The pledge was proposed by Town Councilwoman Catherine Kent, who serves as the liaison to the town’s environmental advisory committee, which advocated for the town to get involved with the program.
“This is a New York State program that helps us reduce greenhouse gas emissions and adapt to a changing climate,” she told the town board at its July 11 work session. “There’s a grant coming up due on July 25, which is the reason I wanted to get it in quickly.”
Town Councilwoman Jodi Giglio said she was skeptical of the proposal and wondered if it would have an effect on applications to the town’s land use boards, but she would be away at the July 16 meeting, so the other board members could vote on it without her.
Ms. Giglio took issue with the first paragraph of the pledge resolution, which states that “the town believes that climate change poses a real and increasing threat to our local and global environments and that it is primarily due to the burning of fossil fuels and other anthropogenic effects and we believe that climate change is going to endanger our communities and harm our farms orchards and fisheries.”

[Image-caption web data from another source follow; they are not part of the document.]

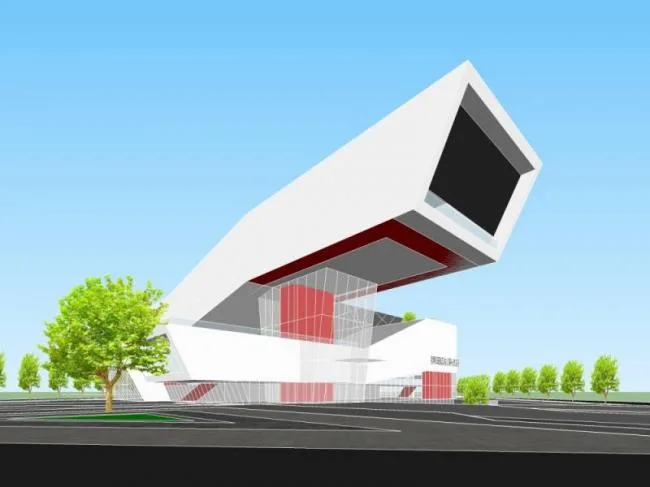 Sketchup Cultural Model | Multi story Planning Exhibition Hall, Cultural Architecture, Modern Style
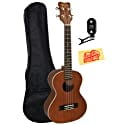 Kohala Akamai AK-T Mahogany Tenor Ukulele Bundle with Gig Bag, Digital Tuner, and Polishing Cloth - Natural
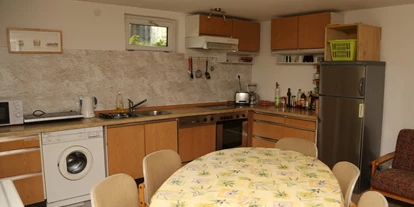 Monteurwohnung - Heilbronn Lauffen am Neckar - Küche der Monteurunterkunft Gemmingen-Stebbach - Monteurzimmer Gemmingen-Stebbach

“I don’t know that I agree with all of it,” she said, adding that she would like to talk to members of the Long Island Farm Bureau to see if climate change is affecting their farms and orchards.

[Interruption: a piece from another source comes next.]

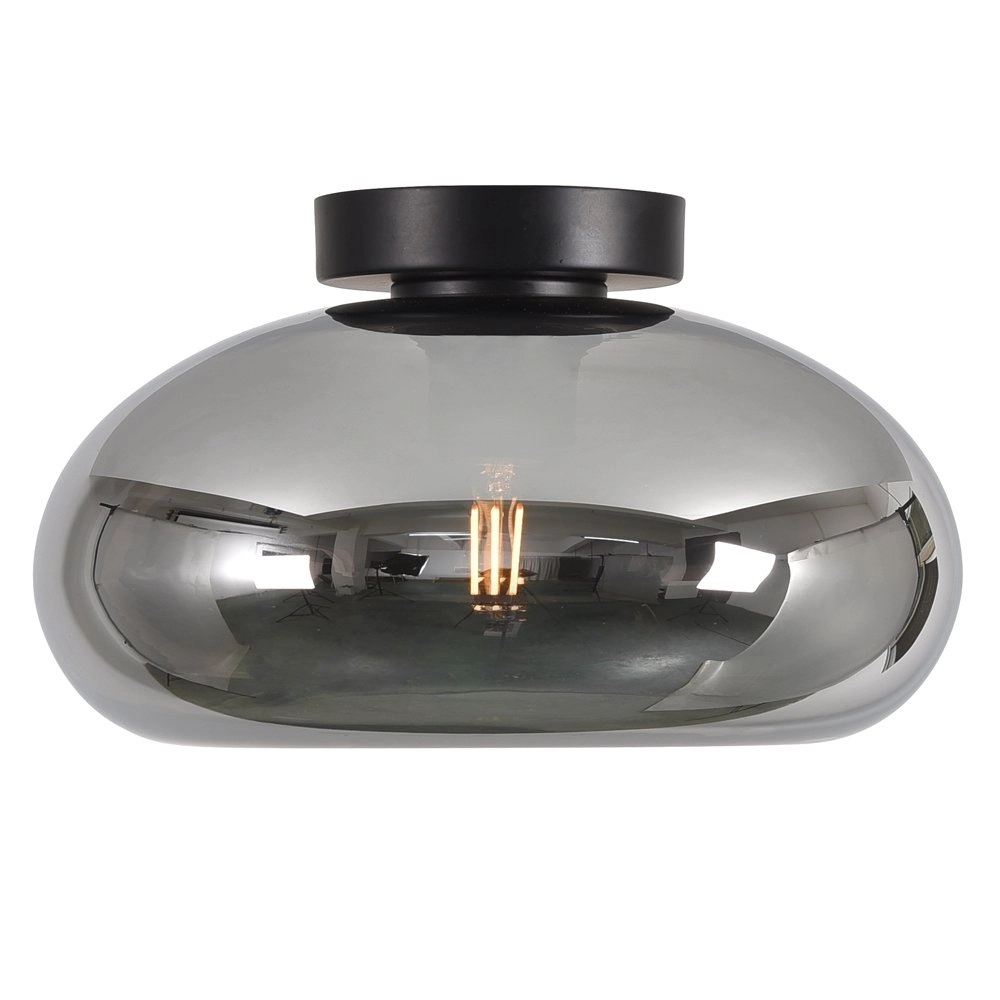 Glass ceiling lamp Paradise Ø 28cm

“I think everyone is in agreement there’s climate change,” countered Ms. Kent.
“As a pledge, I think it’s ok, if it’s not a firm commitment,” said Councilman Tim Hubbard.
Deputy Town Attorney Anne Marie Prudenti told the board the language in the resolution is taken directly from a model Climate Smart Community pledge provided by New York State.
“Step one of this Climate Smart initiative is to adopt a resolution in the format posted online with the State of New York,” she said. “After we adopt that, then begins process of selecting what projects that you want to do. I don’t believe every municipality could undertake all those items. It’s about which ones you want to do and how you go about doing it.”
“On a budgetary level, decreasing energy use is good for our community,” said Town Supervisor Laura Jens-Smith.
“Without debating this whole thing with global warming, this obviously opens us up to opportunities,” said Councilman Jim Wooten, adding that it would be foolish not to take advantage of those opportunities.